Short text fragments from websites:
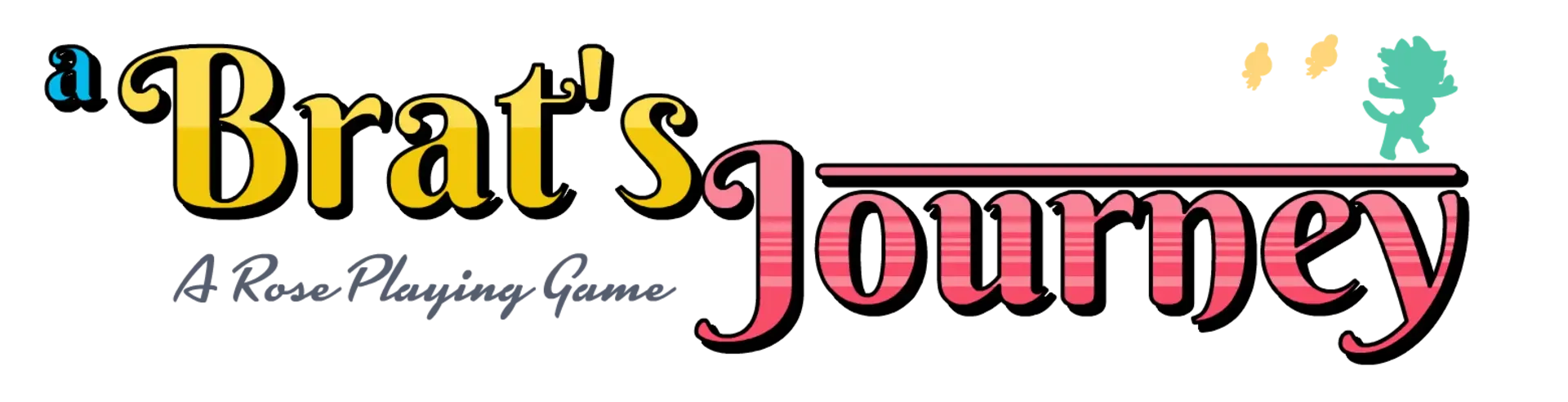 A Brat's Journey: A Rose Playing Game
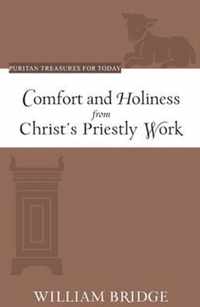 Comfort and Holiness from Christ's Priestly Work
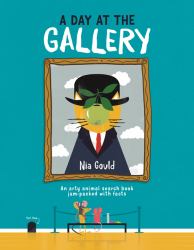 A Day at the Gallery : An Arty Animal Search Book Jam-Packed with Facts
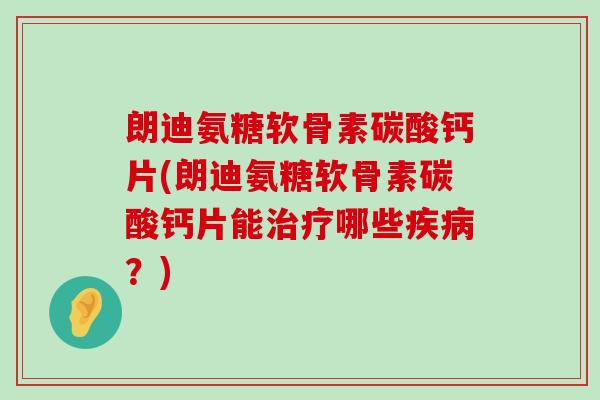 朗迪氨糖软骨素碳酸钙片(朗迪氨糖软骨素碳酸钙片能哪些？)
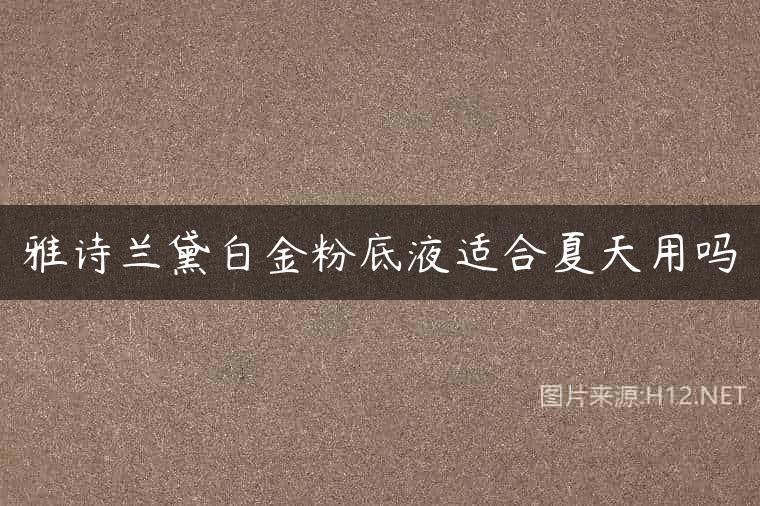 雅诗兰黛白金粉底液适合夏天用吗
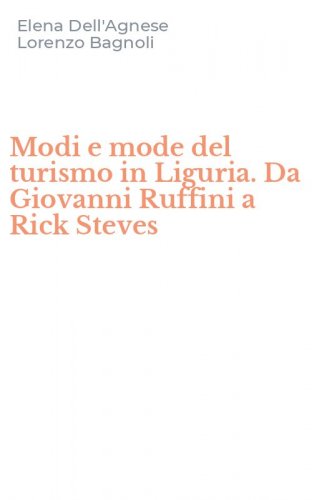 Modi e mode del turismo in Liguria. Da Giovanni Ruffini a Rick Steves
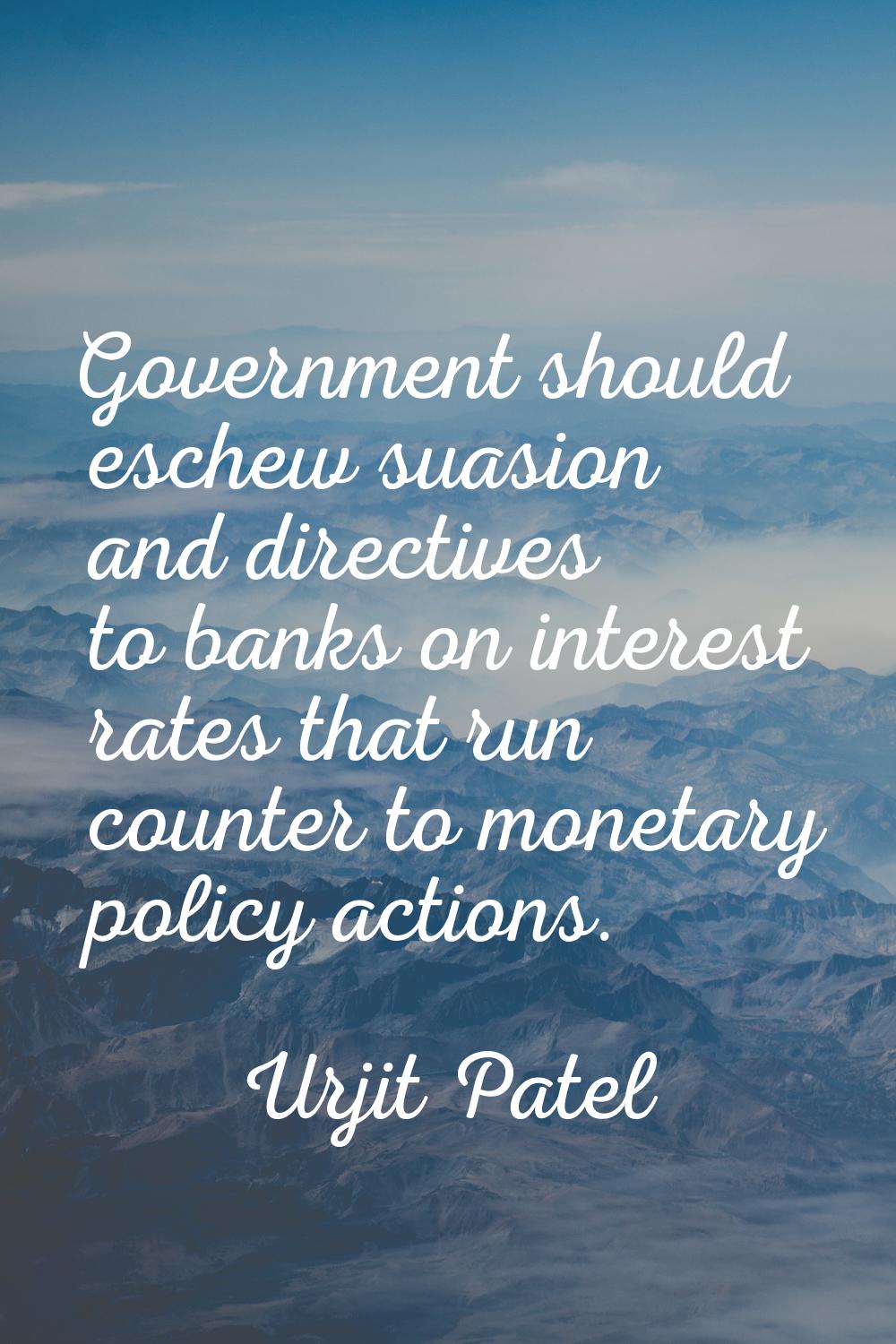Government should eschew suasion and directives to banks on interest rates that run counter to mone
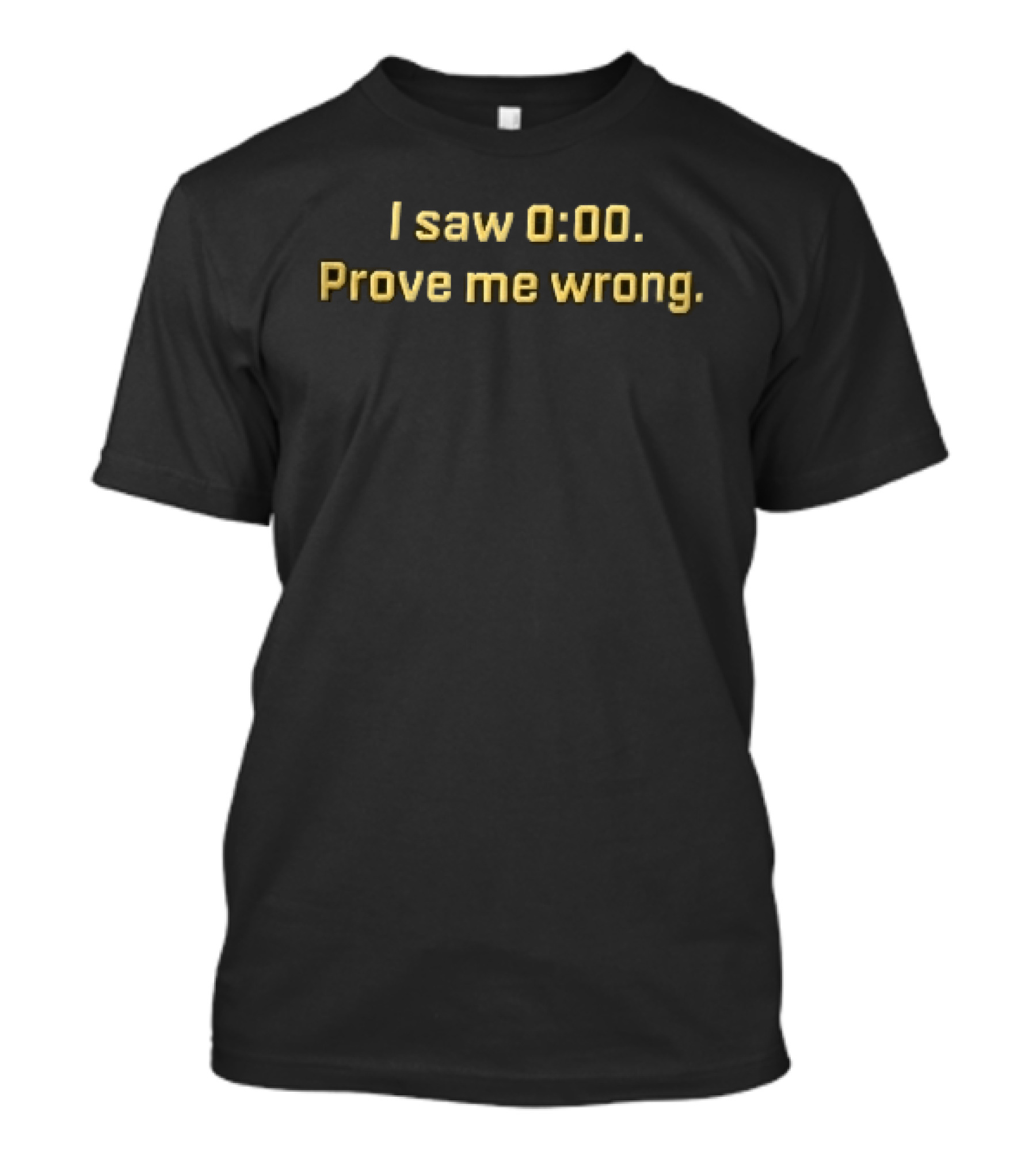 I Saw 0 00 Prove Me Wrong Yellow Athletic Varsity Font T-Shirt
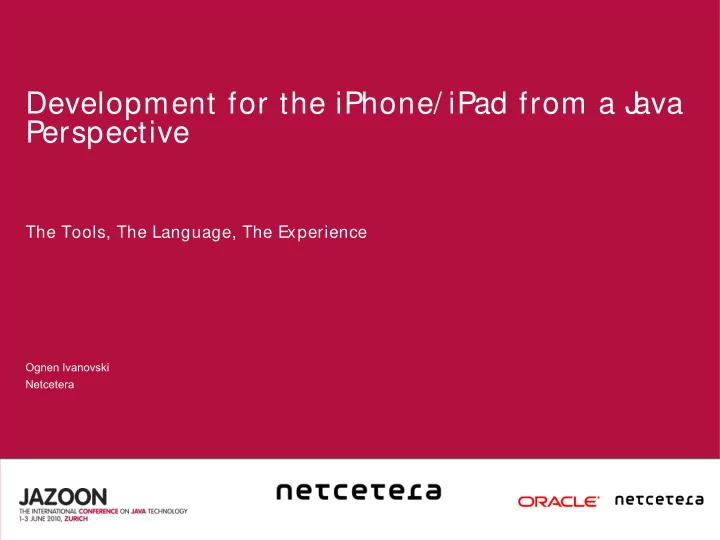 development for the iphone ipad from a j ava perspective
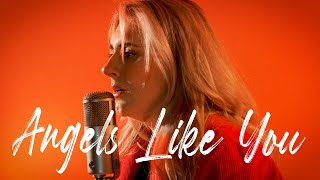 Angels Like You - Miley Cyrus (Cover + Own Lyrics by Alissa May)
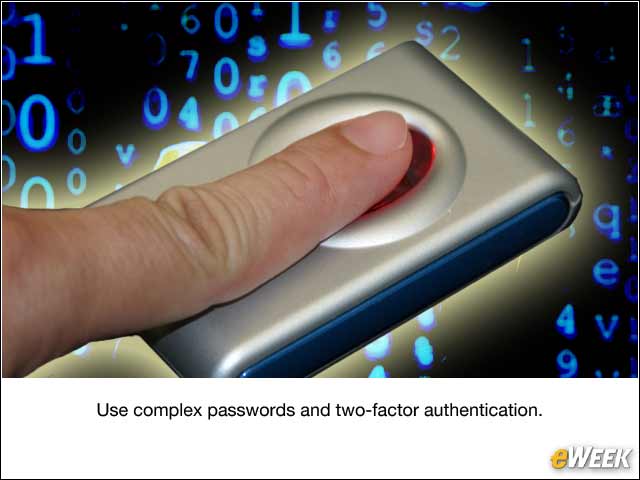 7 - Pay Attention to Passwords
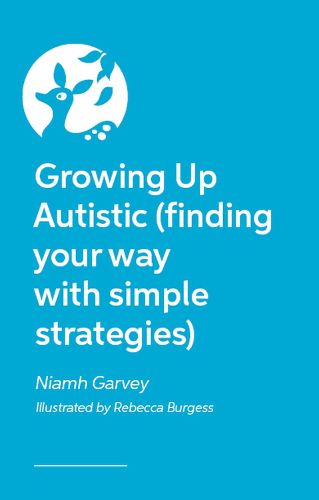 Cover image for Growing Up Autistic (finding your way with simple strategies)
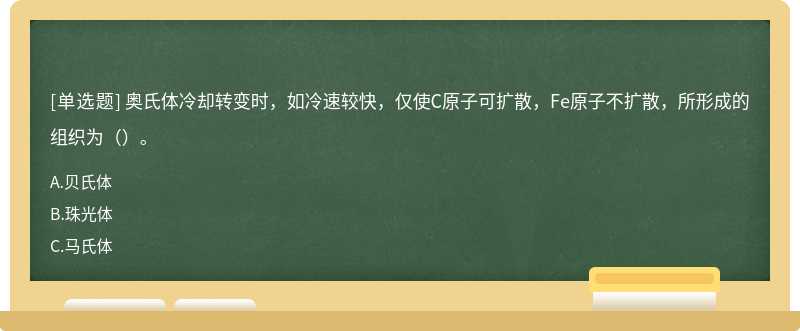 奥氏体冷却转变时，如冷速较快，仅使C原子可扩散，Fe原子不扩散，所形成的组织为（）。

■ What is being asked
The line containing "7 - Pay Attention to Passwords" marks where the copy ends; print every line before it from the start of the records, and that line too, but no pictures.

■ Exercise solution
 A Brat's Journey: A Rose Playing Game
 Comfort and Holiness from Christ's Priestly Work
 A Day at the Gallery : An Arty Animal Search Book Jam-Packed with Facts
 朗迪氨糖软骨素碳酸钙片(朗迪氨糖软骨素碳酸钙片能哪些？)
 雅诗兰黛白金粉底液适合夏天用吗
 Modi e mode del turismo in Liguria. Da Giovanni Ruffini a Rick Steves
Government should eschew suasion and directives to banks on interest rates that run counter to mone
 I Saw 0 00 Prove Me Wrong Yellow Athletic Varsity Font T-Shirt
 development for the iphone ipad from a j ava perspective
 Angels Like You - Miley Cyrus (Cover + Own Lyrics by Alissa May)
 7 - Pay Attention to Passwords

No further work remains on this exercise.